(Data to process Opens)
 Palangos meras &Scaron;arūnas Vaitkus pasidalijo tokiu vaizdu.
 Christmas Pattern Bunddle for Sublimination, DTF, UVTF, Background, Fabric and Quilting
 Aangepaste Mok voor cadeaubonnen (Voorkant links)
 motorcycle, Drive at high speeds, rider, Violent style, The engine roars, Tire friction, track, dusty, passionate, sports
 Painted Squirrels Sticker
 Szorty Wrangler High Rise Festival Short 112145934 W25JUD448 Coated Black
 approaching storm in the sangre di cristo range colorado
(Data to process Closes)
(Data to process Opens)
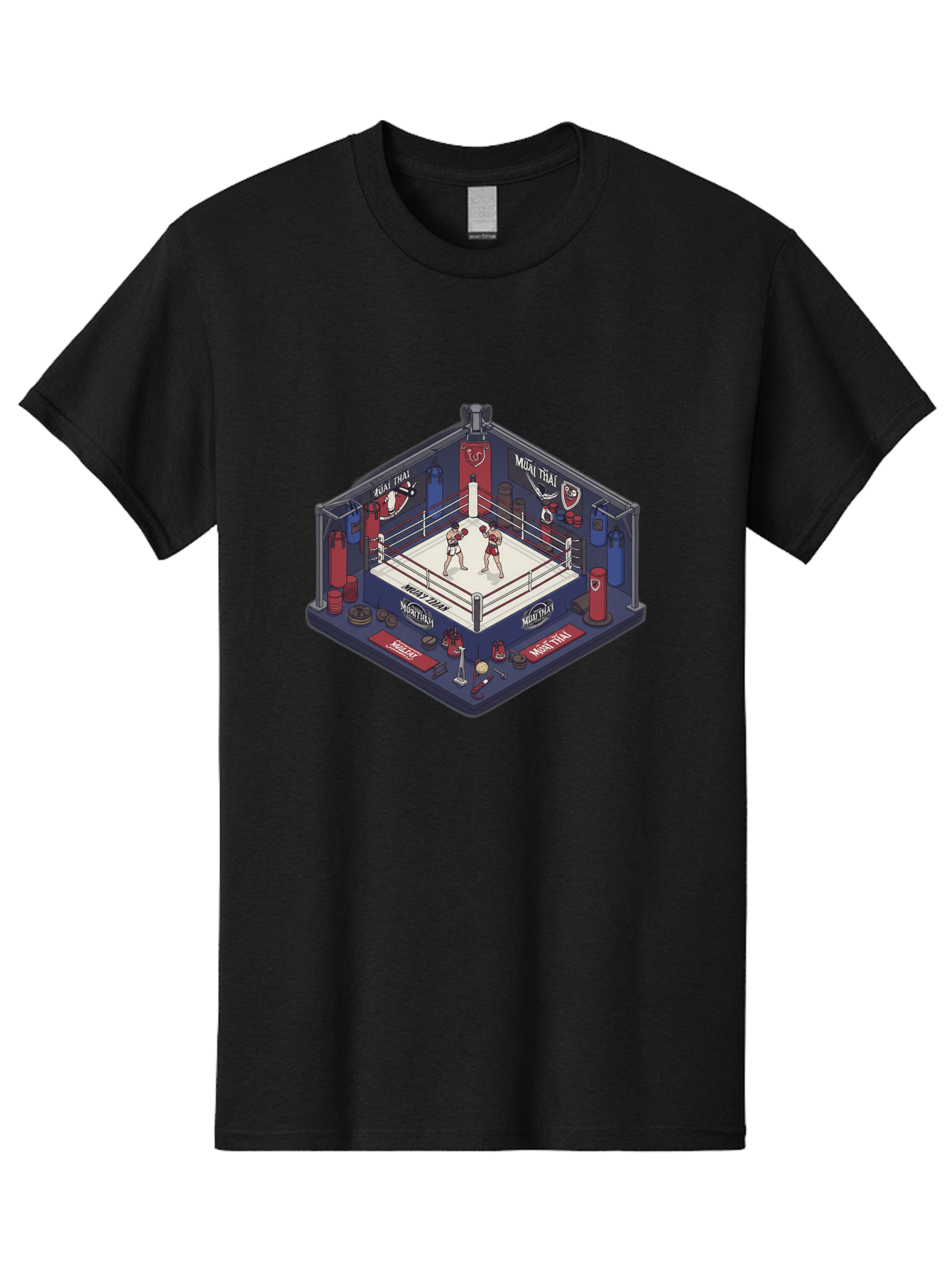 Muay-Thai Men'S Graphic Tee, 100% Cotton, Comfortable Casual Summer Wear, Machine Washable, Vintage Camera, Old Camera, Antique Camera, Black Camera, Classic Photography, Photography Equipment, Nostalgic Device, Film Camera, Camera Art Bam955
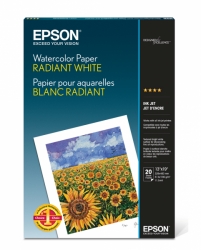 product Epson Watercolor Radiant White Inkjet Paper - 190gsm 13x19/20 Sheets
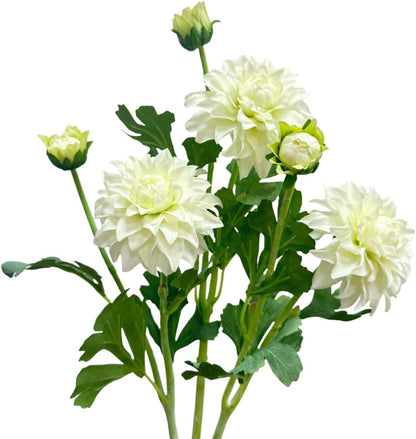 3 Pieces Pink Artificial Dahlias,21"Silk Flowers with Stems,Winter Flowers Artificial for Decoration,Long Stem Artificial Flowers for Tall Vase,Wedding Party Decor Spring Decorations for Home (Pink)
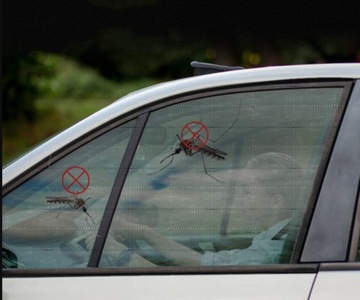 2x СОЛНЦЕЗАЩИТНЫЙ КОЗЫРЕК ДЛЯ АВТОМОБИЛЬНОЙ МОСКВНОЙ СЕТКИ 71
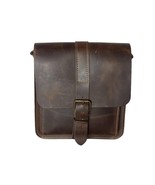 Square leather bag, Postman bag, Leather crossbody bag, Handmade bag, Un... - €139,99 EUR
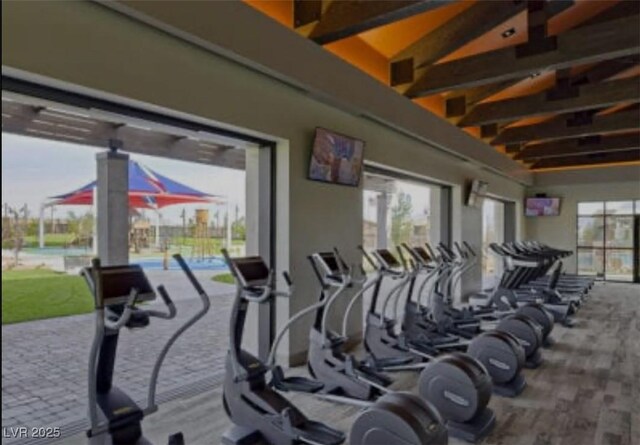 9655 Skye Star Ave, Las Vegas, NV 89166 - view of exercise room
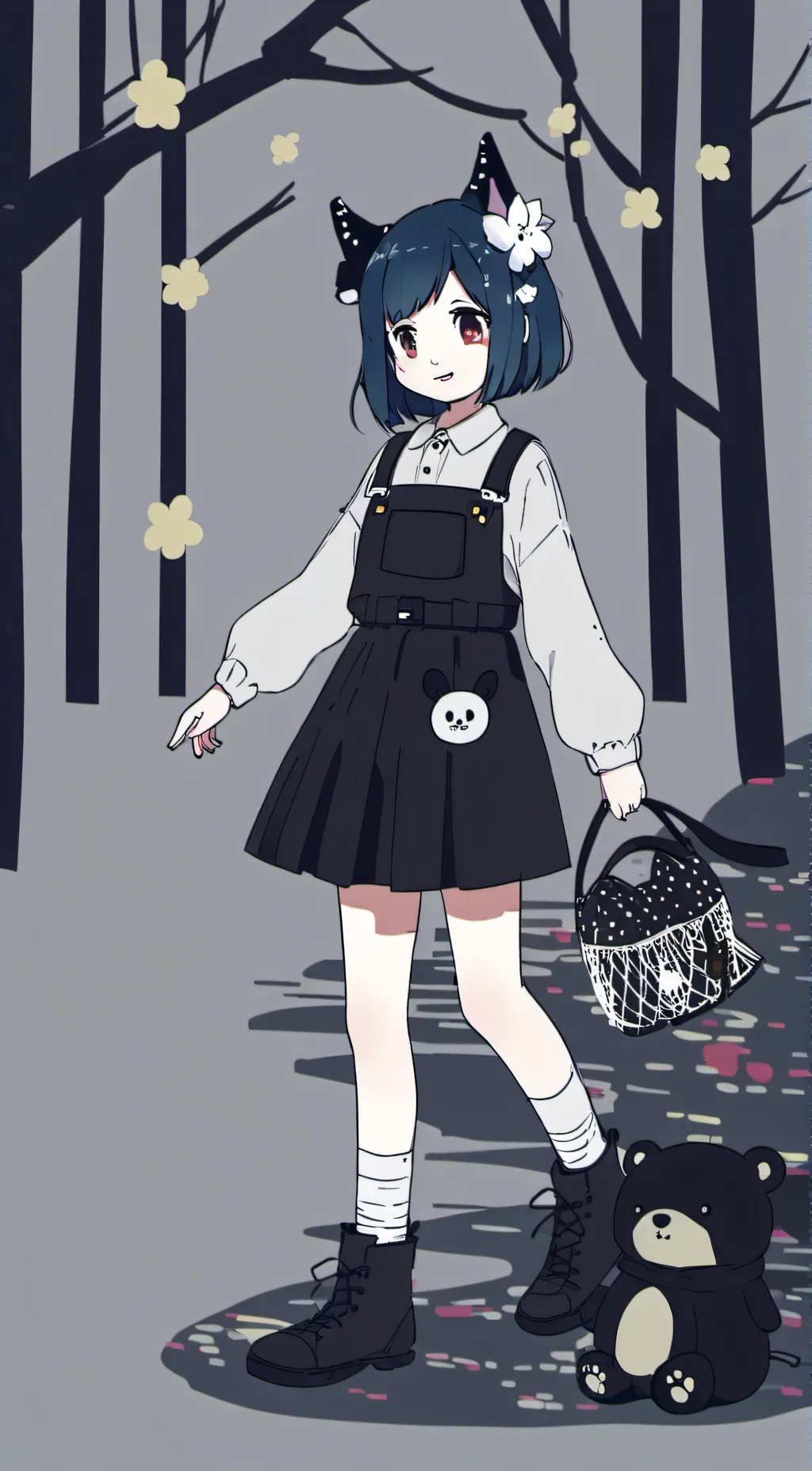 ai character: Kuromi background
(Data to process Closes)
*Exercise aim*:
Repeat, word for word, the lines above between the line holding "Christmas Pattern Bunddle" and the line holding "approaching storm in", inclusive; omit everything else.

*Response box*:
 Christmas Pattern Bunddle for Sublimination, DTF, UVTF, Background, Fabric and Quilting
 Aangepaste Mok voor cadeaubonnen (Voorkant links)
 motorcycle, Drive at high speeds, rider, Violent style, The engine roars, Tire friction, track, dusty, passionate, sports
 Painted Squirrels Sticker
 Szorty Wrangler High Rise Festival Short 112145934 W25JUD448 Coated Black
 approaching storm in the sangre di cristo range colorado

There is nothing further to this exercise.